とある聖槍の人理保存 作:ネシエル
瓦礫の平野は静寂に包まれ、
戦闘の爪痕が刻まれた大地に
無数の建物の残骸が散らばっている。
その中心に立つ天羽奏は、純白の槍を携え、
目の前の存在を冷静に見据えていた。
猛獣のように咆哮を上げる立花響の姿は、
もはや人間と呼べるものではない。
彼女の体は黒く染まり、
理性の欠片は感じられないほどに荒れ狂っていた。
「うがあああああああ!」
響が叫び、力任せに拳を振るう。
その拳は音を裂き、空間を揺るがすほどの力を持つ。
しかし――。
「ふむ」
奏は槍を軽々と動かし、その攻撃を防ぎ続けた。
鋭い目が響の動きを追い、
冷静に状況を見極めていく。
『命を削ることによる出力上昇……素晴らしい強化だ。
しかし、知性と命を代償にしている時点で
等価交換が破綻している。
それに――』
彼女の槍が響の拳を受け止めた瞬間、
周囲の瓦礫が吹き飛ぶほどの衝撃波が発生する。
舞い上がる砂埃の中、奏は目を細め、
響の拳から滴る血を見つめた。
『体の方は強化に追いついていないようだな。
生身の人間の身で、よくここまで耐えたものだ。
だが、あと一時間もすればこいつは死ぬ。
私が攻撃を加えようが加えまいが関係ない。
暴走した聖遺物が頭まで浸食すれば、
人ではなくなり――最後は爆散する』
「はあ!?」
響が咆哮し、奏から距離を取る。
一瞬の静寂の中、二人は互いを見つめ合い、
次の一手を探っている。
『マリアの方は大丈夫だろうか。
風鳴翼と雪音クリスは未だ足止めを受けているはず。
このまま逃げるのが賢明だ。
しかし、天羽奏の意思はそれを許すのか?』
その思考を振り切るかのように、
響が再び突進する。
「うがああああ!」
「――嵐よ、荒れ狂え」
奏の呟きと共に、突如吹き荒れる風が響を包み込み、
彼女の体を遠くの瓦礫の山へと吹き飛ばした。
「ぐはぁっ……」
衝突の衝撃で立ち上がるのもやっとの響を、
奏は冷ややかな視線で見つめる。
『天羽奏は殺生を嫌う。
今はまだ、肉体の主導権を完全に掌握していない。
このまま立花響を見殺しにすれば、
出力の低下、最悪の場合、同調不良を招くだろう。
ならば、答えは一つだ』
響が呻き声を上げる中、
再び瓦礫が響の上に崩れ落ちた。
「う……うう」
「少々の荒療治だ。
許せ――」
その瞬間、奏の髪がふわりと浮かび上がる。
瞳は赤から黄金へと変貌し、
手に持つ槍――星の聖槍
ロンゴミニアドが光を放ち始めた。
「疑似人格停止。

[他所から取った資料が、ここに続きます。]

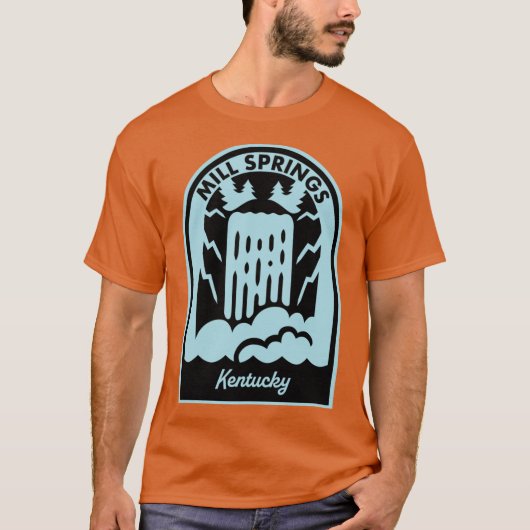 Mill Springs Kentucky T-Shirt (Vorderseite)
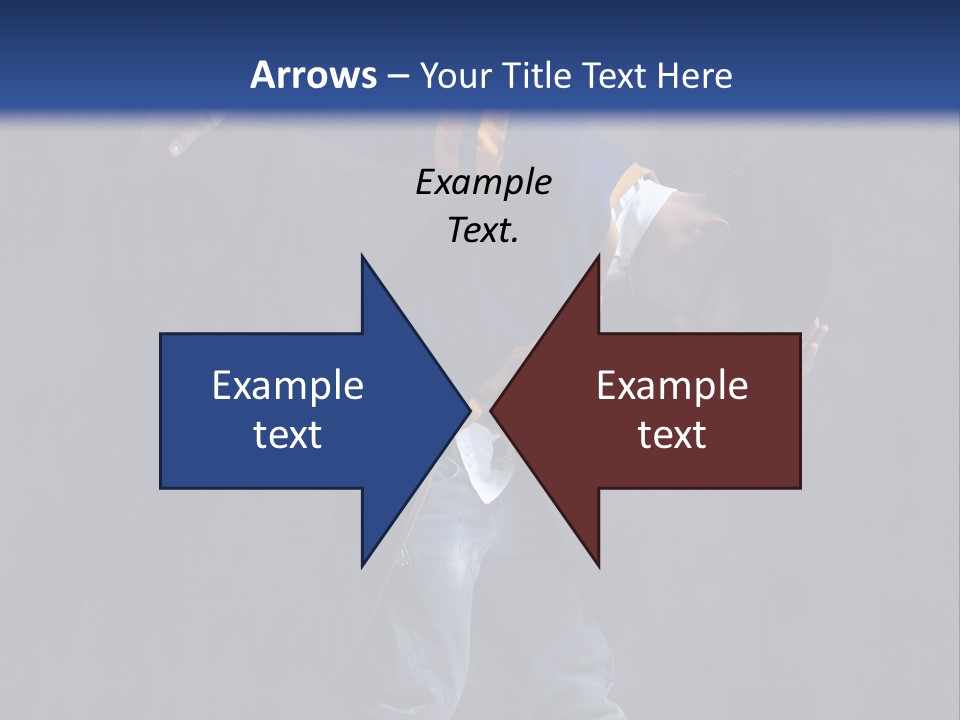 Arte En Movimiento PowerPoint Template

天羽奏との同調を確認。
魔力の消費量、測定完了。
宝具使用、限定解除」
▲▲▲
一方、病院外では風鳴翼とマリアが激しく剣戟を交わしていた。
「まだ、合ったね、風鳴翼」
「……!?」
「奏が言った通り、可愛げがないよね。あなた」
槍と剣がぶつかり、再び互いに距離を取る。
「奏とはどういう関係だ」
「な、何言ってるの、あなた!?」
マリアの顔が赤く染まる。
「違う! そういう関係じゃないから!」
「……貴様、何を言っているのだ?」
その時、遠方に光の柱が立ち上る。
「あの光はまさか――!」
マリアは驚愕し、その光の方角――立花響がいる場所を見つめる。
『あの方向、確か、立花の!?』
翼は・・・
▲▲▲
再び瓦礫の平野。
天を貫くような光が響き、奏が槍を高く掲げる。
「聖槍圧縮」
槍は光の帯に包まれ、
スピアータイプからランスタイプへと変貌する。
「十三拘束、限定解除。
攻撃対象限定、レンズ縮小、全工程完了。
カウントダウン開始!」
空は暗雲に包まれ、風が荒れ狂う。
奏の髪は赤から
瞳の色と同じ黄金となる。
響が必死に抗おうとするが、
体は言うことを聞かない。
膨大な風は奏と響を包み込む。
「聖槍抜錨――其は空を裂き、地を繋ぐ! 嵐の錨!
最果てより光を放て……!
星の聖槍は光を放ち、遥か彼方の天を貫いた。
天を裂いたその光は一筋の流星のように地上へと落下し、
奏と響を包み込む。
「――!?」
閃光がすべてを覆い尽くし、その後に残されたのは純粋な破壊のみ。
瓦礫の平野に轟く爆発音が、最後の静寂を破った。